Although different in terms of meaning, hardware and software are inseparable and interdependent. Two sides of a coin each with its purpose. The former refers to physical components that a machine requires to function and to do so, they are powered and advised by the programmed instructions of the latter.
Creative Job Opportunities
As simplified by the interesting analogy of freelance journalist Rich McEachran, hardware is the heart of a manufacturer that powers the production of products, whereas software serves as the nervous system that checks and delivers information if all parts are functioning correctly. Together, they enhance business efficiency, boost productivity and profits, and help workers try out different roles with meaningful tasks.
Take robotic process automation (RPA) as an example. It’s based on metaphorical software robots or artificial intelligence (AI) that took some time to become a widely successful innovation in improving operational efficiency, most notably in the finance and healthcare industries. According to the companies using it, top benefits include reducing error rates and better managing repetitive tasks, thus developing standardization of process workflow.

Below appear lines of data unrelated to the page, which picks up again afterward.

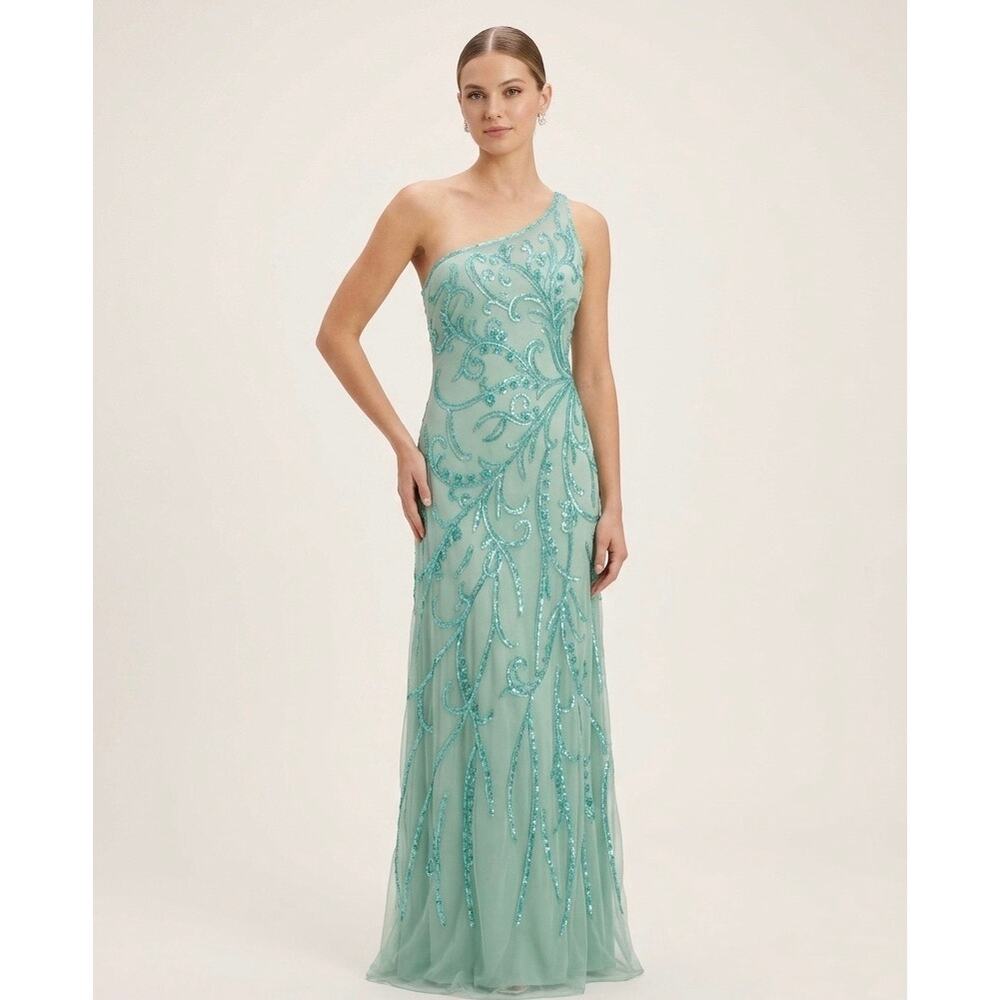 Camille La Vie Mint Green Embellished Sequin Prom Gown One Shoulder Mesh Sz 6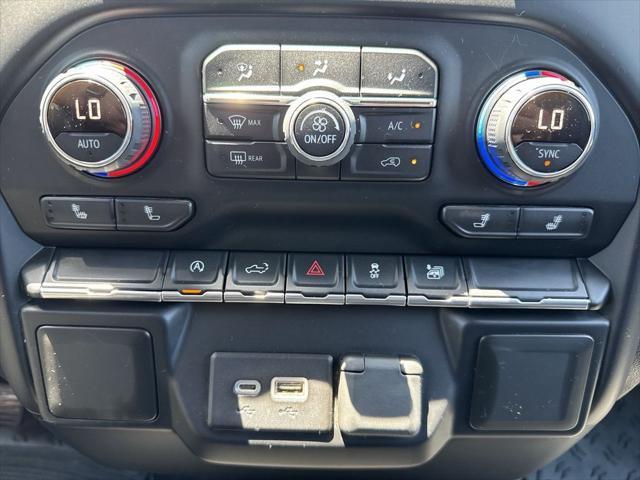 Photo of 2020 Iridescent Pearl Tricoat Chevrolet Silverado 1500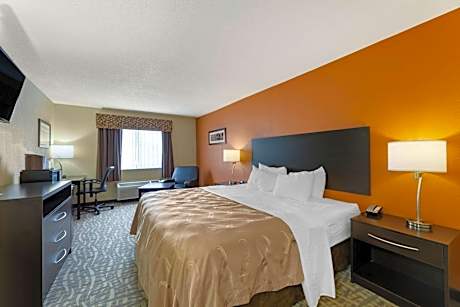 1 Queen Bed Nonsmoking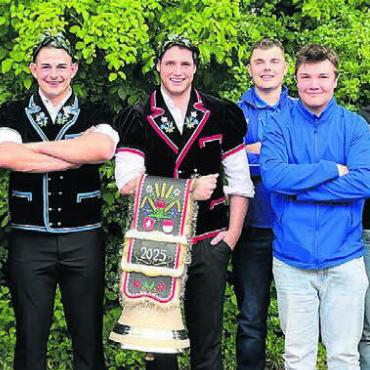 Endlich eine Glocke - Der SK Freiamt am Solothurner Kantonalen. In der Mitte die beiden Kranzgewinner Andreas Döbeli und Jonas Wüthrich (mit Glocke).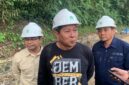Anggota Komisi C DPRD Jember Agung Budiman (tengah) dan David Handoko Seto (Sebelah kiri). (Sumber foto: Sigit)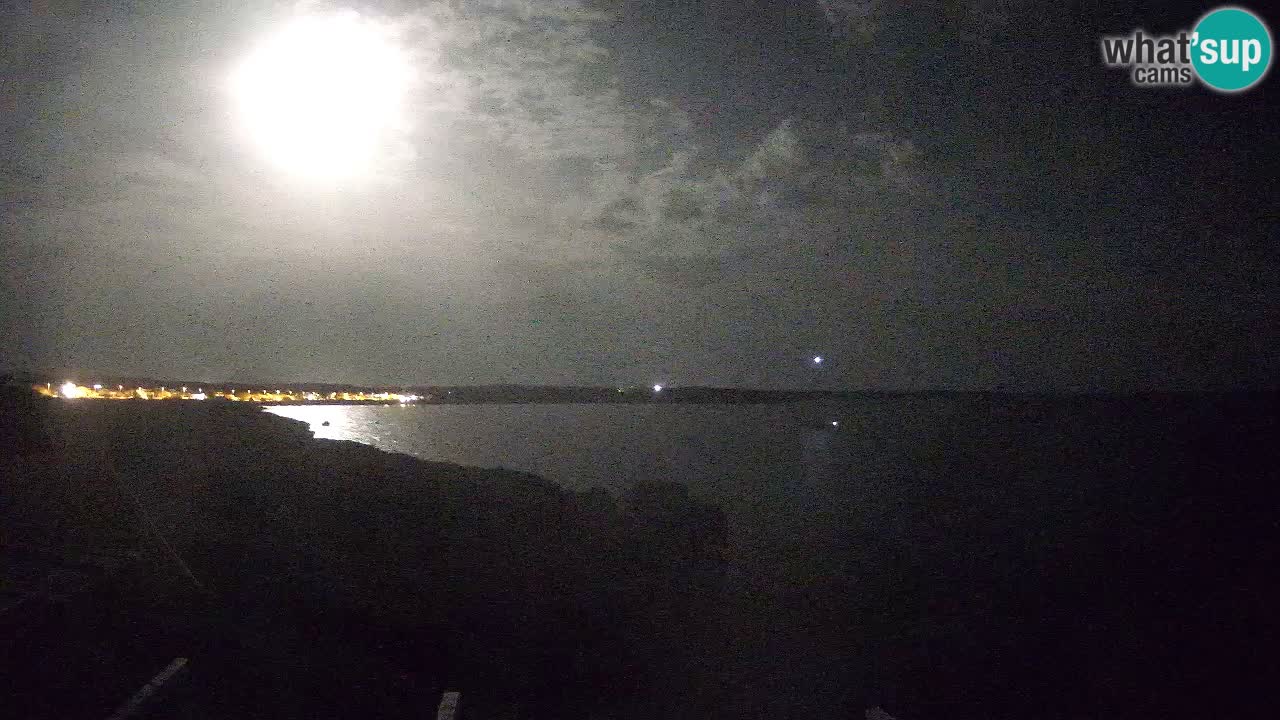 Live Webcam Putzu Idu beach – Arco di S’Architteddu – Oristano livecam Cerdeña – Italia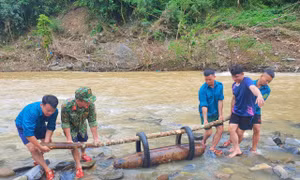 Trục vớt quả bom nặng 2,5 tạ dưới lòng sông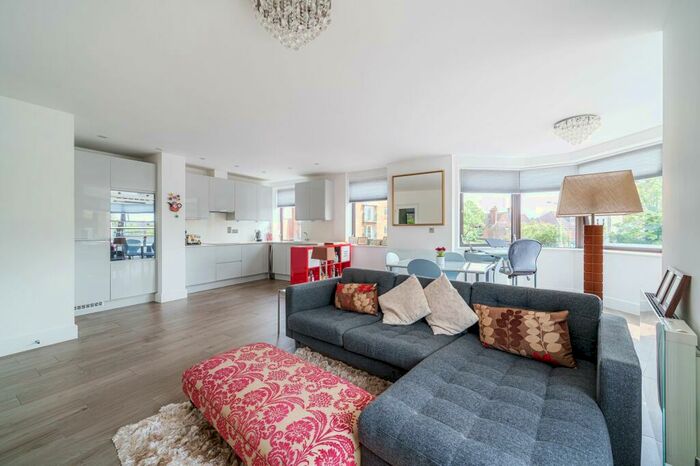 2 Bedroom Apartment For Sale In St. Leonards Road, Windsor, SL4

What’s even more interesting about RPA is that the process of automation is nothing new, but it seems a discovery of how software fuses instructions from start to finish. And with that, it sounds like there’s a false assumption that automated super-bots will replace human labor which, in turn, causes a toll on the global economy. It can be true but only for jobs with menial and repetitive tasks. Meaning to say, with their arrival comes a creation of a bigger space where people can be retrained and refocused on core business processes – those that induce creativity and intelligence, which are only for and can be propelled by human minds.
Now, products, services, and human labor are located in a bigger, more creative space called a smart factory. It’s an interconnected shop floor of machines, communication mechanisms, and computing power, thereby being able to draw level with manufacturing’s nature of constant change and data and high-speed decision-making.
Smart factories sound highly digital. But again, they are composed of hardware and software and vice versa. From machines that ensure a seamless flow of assembly lines to cloud inventory systems like the MES of LiveTracking, all shop floors coming from different industries share the same objective: to optimize processes but result with efficiency and high quality.